Best Practice Steps for UK Entrepreneurs Expanding to the US
Here’s a tactical, prioritized plan distilled from Tom’s journey and the experience of other cross-border sellers to help you minimize risk and maximize growth:
- Set Up Your LLC First
- Run a Nexus Assessment
- Use the Right Sales Channels
- Complete Withholding Documentation
- Track Everything with Accounting Software
- File US Tax Returns Properly
- Report to HMRC
- Manage Double Taxation
- Reassess Regularly
- Work with Experts
Conclusion: Turning Ambition into Sustainable Growth
Tom’s journey from a UK-based e-commerce brand to a cross-border business selling in the USA taught him something vital: revenue isn’t the same as profit, and profit isn’t free when you cross borders. Forming a US LLC was only the beginning. The real complexity and the real opportunity were in navigating cross-border tax UK, understanding US sales tax, avoiding double taxation, and ensuring UK-IRS compliance.

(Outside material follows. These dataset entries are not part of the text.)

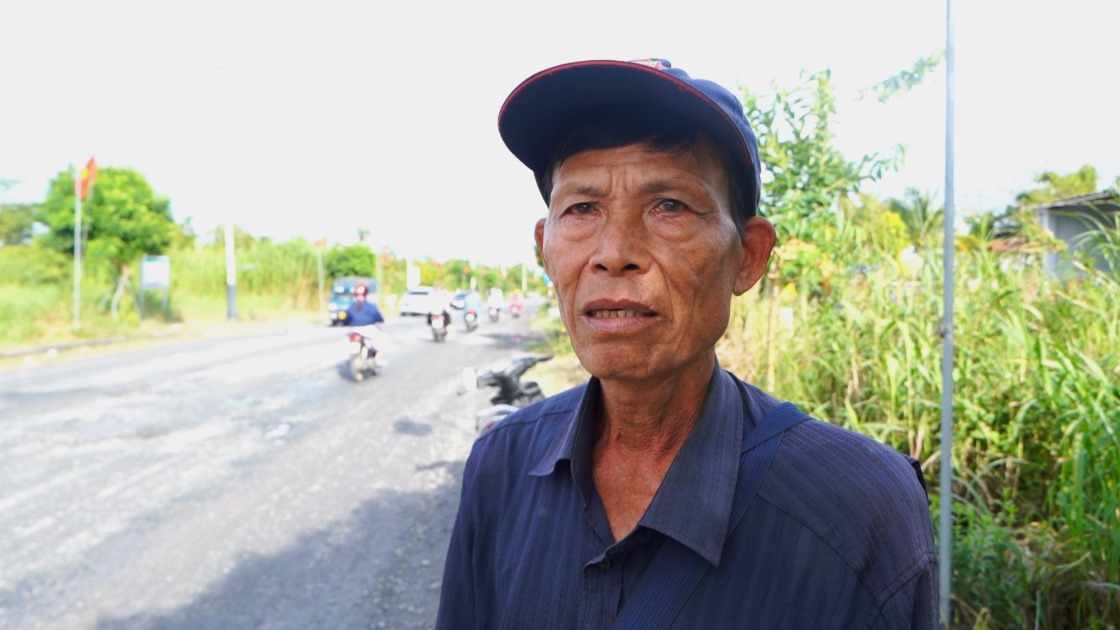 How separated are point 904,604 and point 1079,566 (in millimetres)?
2109

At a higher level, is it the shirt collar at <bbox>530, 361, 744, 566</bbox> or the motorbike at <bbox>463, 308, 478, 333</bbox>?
the shirt collar at <bbox>530, 361, 744, 566</bbox>

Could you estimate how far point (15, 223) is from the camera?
34156 mm

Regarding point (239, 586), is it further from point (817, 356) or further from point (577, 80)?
point (577, 80)

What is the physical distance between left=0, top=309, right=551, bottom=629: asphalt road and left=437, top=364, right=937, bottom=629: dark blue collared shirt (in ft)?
8.99

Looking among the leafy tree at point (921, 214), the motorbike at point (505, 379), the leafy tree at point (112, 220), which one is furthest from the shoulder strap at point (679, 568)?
the leafy tree at point (112, 220)

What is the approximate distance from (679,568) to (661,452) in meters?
0.25

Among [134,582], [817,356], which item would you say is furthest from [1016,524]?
[134,582]

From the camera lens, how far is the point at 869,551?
1022 millimetres

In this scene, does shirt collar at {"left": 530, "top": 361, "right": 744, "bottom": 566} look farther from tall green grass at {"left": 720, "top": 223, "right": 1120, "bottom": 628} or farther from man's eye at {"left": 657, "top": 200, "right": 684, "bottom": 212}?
tall green grass at {"left": 720, "top": 223, "right": 1120, "bottom": 628}

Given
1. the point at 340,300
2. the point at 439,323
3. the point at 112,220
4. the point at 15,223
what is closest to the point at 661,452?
the point at 439,323

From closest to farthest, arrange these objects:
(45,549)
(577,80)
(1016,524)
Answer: (577,80)
(1016,524)
(45,549)

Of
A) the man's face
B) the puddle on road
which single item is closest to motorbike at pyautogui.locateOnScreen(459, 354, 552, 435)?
the puddle on road

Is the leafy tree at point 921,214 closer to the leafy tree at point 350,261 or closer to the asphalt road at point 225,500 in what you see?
the asphalt road at point 225,500

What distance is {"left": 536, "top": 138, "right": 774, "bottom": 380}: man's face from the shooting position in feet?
3.82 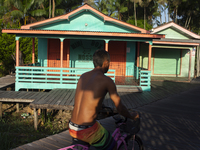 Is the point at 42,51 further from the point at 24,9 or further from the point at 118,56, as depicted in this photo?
the point at 24,9

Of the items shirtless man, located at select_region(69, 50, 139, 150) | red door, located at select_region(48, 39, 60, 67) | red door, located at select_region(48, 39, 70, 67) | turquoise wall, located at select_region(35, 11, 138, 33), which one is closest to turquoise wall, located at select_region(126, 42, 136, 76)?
turquoise wall, located at select_region(35, 11, 138, 33)

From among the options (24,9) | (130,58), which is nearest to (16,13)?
(24,9)

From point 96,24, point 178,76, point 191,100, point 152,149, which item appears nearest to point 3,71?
point 96,24

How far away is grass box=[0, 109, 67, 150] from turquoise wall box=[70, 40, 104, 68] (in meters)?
5.01

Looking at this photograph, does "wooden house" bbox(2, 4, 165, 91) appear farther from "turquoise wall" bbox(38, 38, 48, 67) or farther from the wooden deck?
the wooden deck

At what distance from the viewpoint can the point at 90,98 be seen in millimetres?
2168

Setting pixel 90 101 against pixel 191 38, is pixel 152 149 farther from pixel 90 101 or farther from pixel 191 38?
pixel 191 38

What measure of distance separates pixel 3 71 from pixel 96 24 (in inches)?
469

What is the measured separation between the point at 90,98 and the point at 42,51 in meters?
11.5

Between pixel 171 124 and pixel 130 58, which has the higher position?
pixel 130 58

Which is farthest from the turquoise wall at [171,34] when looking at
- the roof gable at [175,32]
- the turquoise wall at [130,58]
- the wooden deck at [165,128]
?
the wooden deck at [165,128]

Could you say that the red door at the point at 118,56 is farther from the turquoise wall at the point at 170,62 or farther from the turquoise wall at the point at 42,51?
the turquoise wall at the point at 42,51

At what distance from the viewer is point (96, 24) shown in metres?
12.5

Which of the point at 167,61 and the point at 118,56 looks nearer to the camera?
the point at 118,56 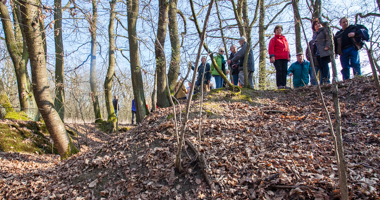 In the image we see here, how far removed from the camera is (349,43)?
5512 millimetres

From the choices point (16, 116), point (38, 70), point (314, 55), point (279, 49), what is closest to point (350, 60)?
point (314, 55)

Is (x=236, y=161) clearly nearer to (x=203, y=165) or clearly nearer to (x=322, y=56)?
(x=203, y=165)

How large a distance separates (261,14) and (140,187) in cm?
694

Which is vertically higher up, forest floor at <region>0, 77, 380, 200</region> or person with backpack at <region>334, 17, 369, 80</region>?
person with backpack at <region>334, 17, 369, 80</region>

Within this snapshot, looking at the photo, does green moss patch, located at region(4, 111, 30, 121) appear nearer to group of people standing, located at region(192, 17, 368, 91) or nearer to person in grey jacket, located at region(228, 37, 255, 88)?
group of people standing, located at region(192, 17, 368, 91)

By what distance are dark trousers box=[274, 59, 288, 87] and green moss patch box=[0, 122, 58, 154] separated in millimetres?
7084

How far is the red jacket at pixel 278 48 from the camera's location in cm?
611

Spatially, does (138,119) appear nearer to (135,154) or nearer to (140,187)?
(135,154)

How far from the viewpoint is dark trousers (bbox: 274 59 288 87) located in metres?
6.25

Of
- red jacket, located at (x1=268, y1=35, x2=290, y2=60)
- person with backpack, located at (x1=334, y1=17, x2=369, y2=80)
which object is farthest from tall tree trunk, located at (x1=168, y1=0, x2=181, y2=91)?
person with backpack, located at (x1=334, y1=17, x2=369, y2=80)

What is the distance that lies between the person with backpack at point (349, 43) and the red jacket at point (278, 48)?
4.08 ft

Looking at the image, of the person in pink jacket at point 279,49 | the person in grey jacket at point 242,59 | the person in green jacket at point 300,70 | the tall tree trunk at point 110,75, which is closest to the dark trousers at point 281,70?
the person in pink jacket at point 279,49

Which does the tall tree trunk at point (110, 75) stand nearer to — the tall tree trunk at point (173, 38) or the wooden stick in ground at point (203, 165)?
the tall tree trunk at point (173, 38)

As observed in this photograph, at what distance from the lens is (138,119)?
317 inches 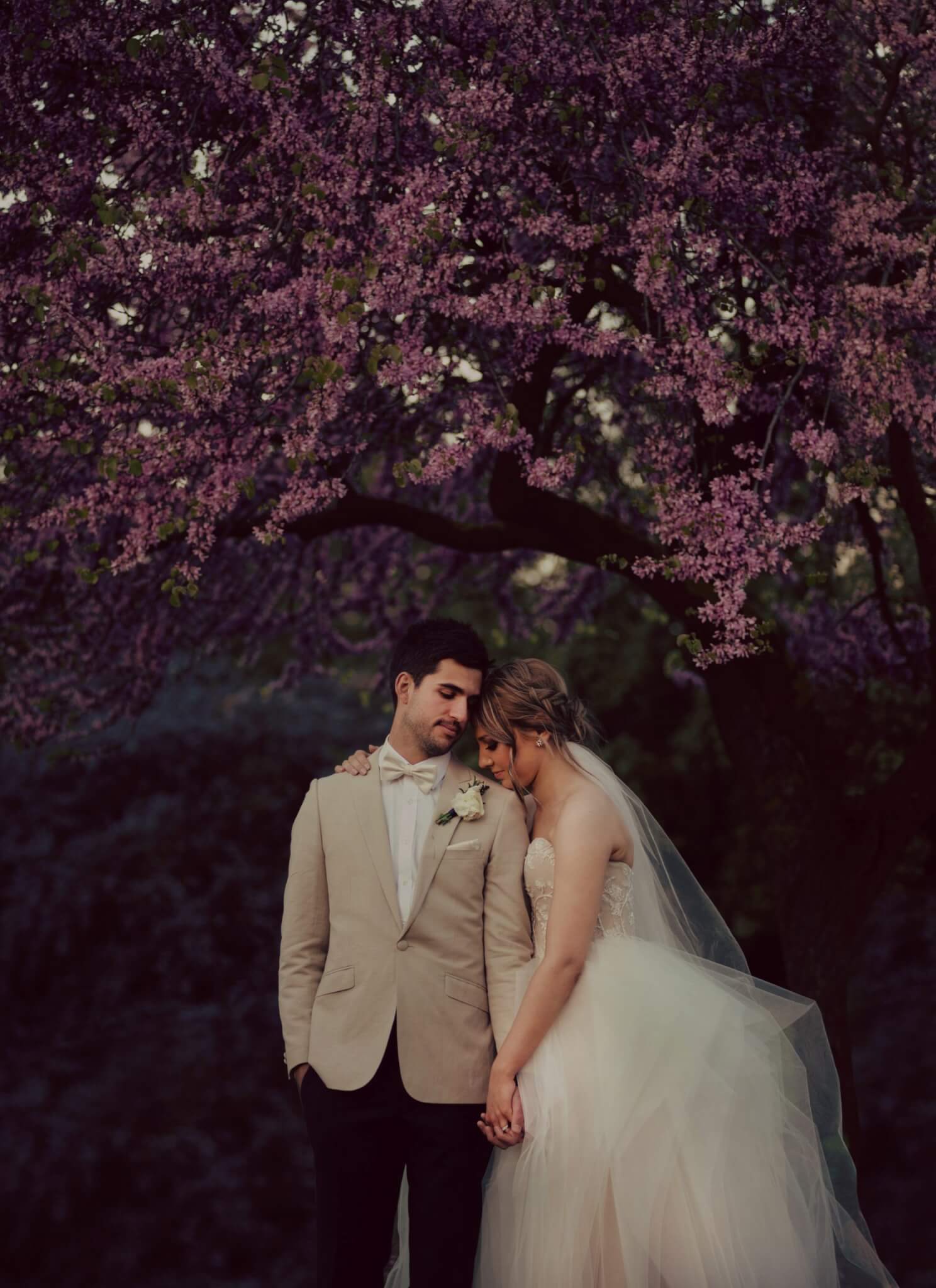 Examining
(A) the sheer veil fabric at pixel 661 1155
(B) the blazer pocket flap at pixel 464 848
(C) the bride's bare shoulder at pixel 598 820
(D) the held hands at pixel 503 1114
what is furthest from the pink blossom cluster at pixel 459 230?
(D) the held hands at pixel 503 1114

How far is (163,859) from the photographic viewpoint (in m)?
17.6

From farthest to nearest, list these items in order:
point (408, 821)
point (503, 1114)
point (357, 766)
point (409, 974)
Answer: point (357, 766) → point (408, 821) → point (409, 974) → point (503, 1114)

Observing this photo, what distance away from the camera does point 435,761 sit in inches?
173

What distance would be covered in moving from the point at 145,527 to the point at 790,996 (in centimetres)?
376

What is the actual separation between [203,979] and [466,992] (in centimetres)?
1233

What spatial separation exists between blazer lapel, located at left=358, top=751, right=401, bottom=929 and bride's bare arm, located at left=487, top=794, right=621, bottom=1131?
19.6 inches

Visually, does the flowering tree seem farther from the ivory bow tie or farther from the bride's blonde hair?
the ivory bow tie

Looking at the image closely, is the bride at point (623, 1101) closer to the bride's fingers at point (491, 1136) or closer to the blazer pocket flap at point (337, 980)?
the bride's fingers at point (491, 1136)

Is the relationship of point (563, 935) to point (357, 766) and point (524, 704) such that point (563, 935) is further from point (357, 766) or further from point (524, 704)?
point (357, 766)

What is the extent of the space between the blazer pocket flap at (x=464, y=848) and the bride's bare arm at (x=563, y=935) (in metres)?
0.27

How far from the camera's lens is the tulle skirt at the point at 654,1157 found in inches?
154

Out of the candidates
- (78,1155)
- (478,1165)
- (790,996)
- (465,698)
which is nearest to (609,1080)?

If you are a UK entrepreneur seriously considering selling to the USA from the UK, this US LLC and Tax Guide for Selling isn’t optional; it’s essential. Structuring smartly, planning thoroughly, and executing with care will protect you from unexpected tax liabilities, penalties, and cash flow shocks.
At Lanop Business and Tax Advisors, we help UK sellers like you design the right US structure, handle e-commerce tax, minimize double taxation, and grow sustainably. With the right foundation, you can scale across the Atlantic with confidence, keep more of what you earn, and build a legacy, not just a revenue stream.